Dans les deux bibliothèques, ce sont les collègues du réseau qui ont fait les premiers dons pour alimenter les commodes au moment du lancement. Depuis, les publics font des dons, mais dans les deux structures, les bibliothécaires alimentent régulièrement cet espace. A Strasbourg, on relève que « les gens prennent plus qu’ils ne donnent ».
Communication et action culturelle
Chacune des bibliothèques a également communiqué sur ce nouveau service. Il a été annoncé sur les réseaux sociaux par la médiathèque de Strasbourg. Il est depuis promu grâce à un cycle d’animations régulières tout au long de l’année : 4 séances, espacées d’une semaine ou un peu plus si la programmation culturelle le nécessite, sont dédiées à une technique spécifique. Au cours de l’année, le public peut donc découvrir ou faire découvrir à des novices le tricot, le crochet, la broderie, mais aussi l’origami ou la carterie.
A Rouen, ce projet a été suivi, depuis sa conception jusqu’à sa mise en place, par une volontaire en mission de service civique. Elle s’est chargée de la réalisation de flyers pour lesquels elle a créé des illustrations (domaine dans lequel elle poursuit ses études). Elle a également conçu 8 marque-pages, identiques au recto mais avec des versos différents : elle a dessiné des tutos créatifs (comment monter les mailles au tricot, comment faire une chaînette au crochet, coudre un filtre à café lavable, réaliser un cœur en origami…) Ces documents sont diffusés aux publics dans l’ensemble des bibliothèques du réseau. Enfin, cette information a également été relayée sur les réseaux sociaux et sur le site internet des bibliothèques.

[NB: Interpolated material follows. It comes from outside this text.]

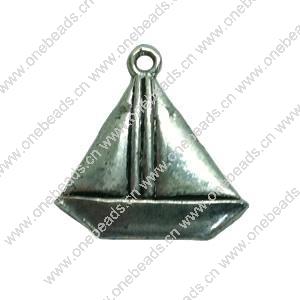 Pendant. Fashion Zinc Alloy jewelry findings. Boat 20x19mm. Sold by Bag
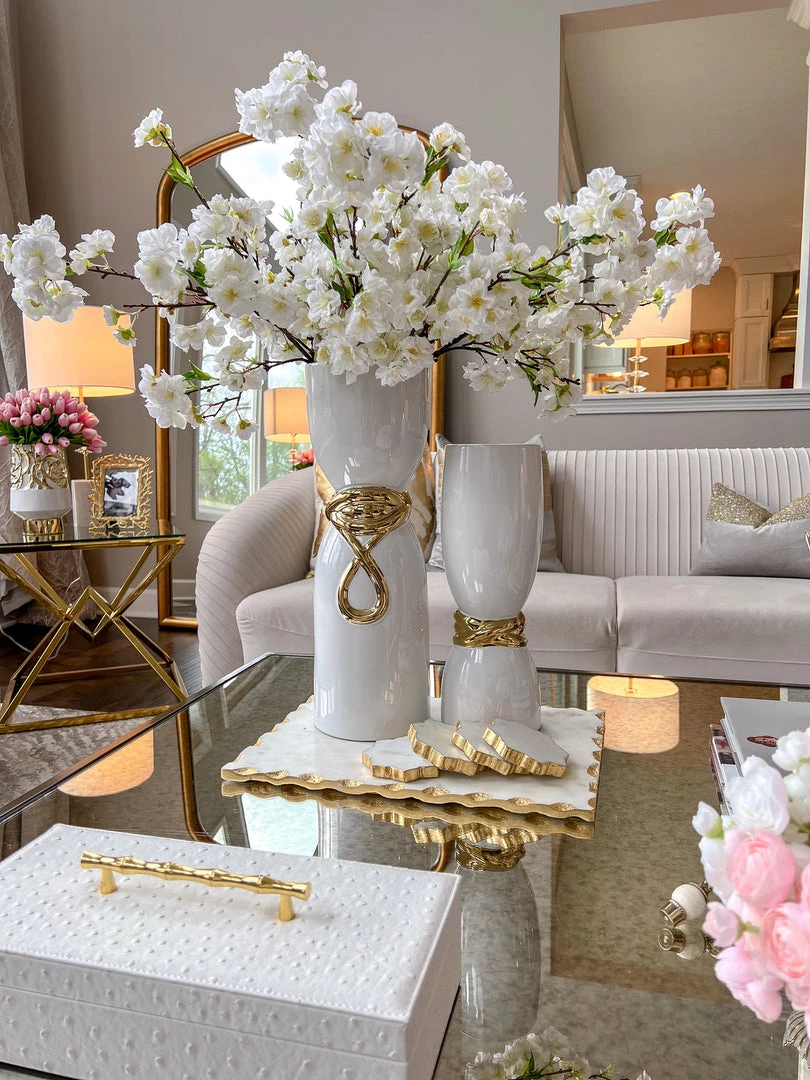 Inspire Me! Home Decor White Ceramic Vase With Elegant Gold Details (2 Sizes) 6 Inspire Me! Home Decor White Ceramic Vase With Elegant Gold Details (2 Sizes)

Un atelier de crochet a été mis en place au mois de décembre à la bibliothèque des Capucins, et a été l’occasion de promouvoir à nouveau l’existence de la créathèque, mais il s’agit d’une animation ponctuelle et non régulière comme à Strasbourg.
Retour sur le fonctionnement du service, quelques mois après son lancement
Il est intéressant de noter deux tendances inverses dans ces bibliothèques : à Strasbourg, les pelotes trouvent rapidement un nouveau foyer, tandis que les coupons de tissus ne rencontrent pas un grand succès. A Rouen, c’est le phénomène opposé : les tissus (mais aussi les livres) sont ce qui est le plus vite troqué, tandis que les pelotes de laine et coton restent longtemps dans la créathèque.
Une importante partie des dons et l’animation d’ateliers repose sur les centres d’intérêt personnels et compétences en loisirs créatifs des bibliothécaires, il faut donc avoir dans l’équipe des personnes familiarisées avec le DIY pour la réussite de ce projet.
Cela étant, après quelques mois de recul, les bibliothécaires de Strasbourg comme de Rouen relatent que ce service est autonome et ne demande pas aux bibliothécaires une gestion importante, les dons se font directement dans le mobilier prévu à cet effet, sans intervention des agents. Ils vont régulièrement voir ce qui y est proposé, par curiosité, mais ont rarement besoin de faire du « désherbage », les dons sont de bonne qualité. Un tri est fait un peu plus régulièrement à la médiathèque Olympe de Gouge, où il s’est parfois trouvé des restes de pelotes de laine qui ne permettaient pas la réalisation d’un ouvrage.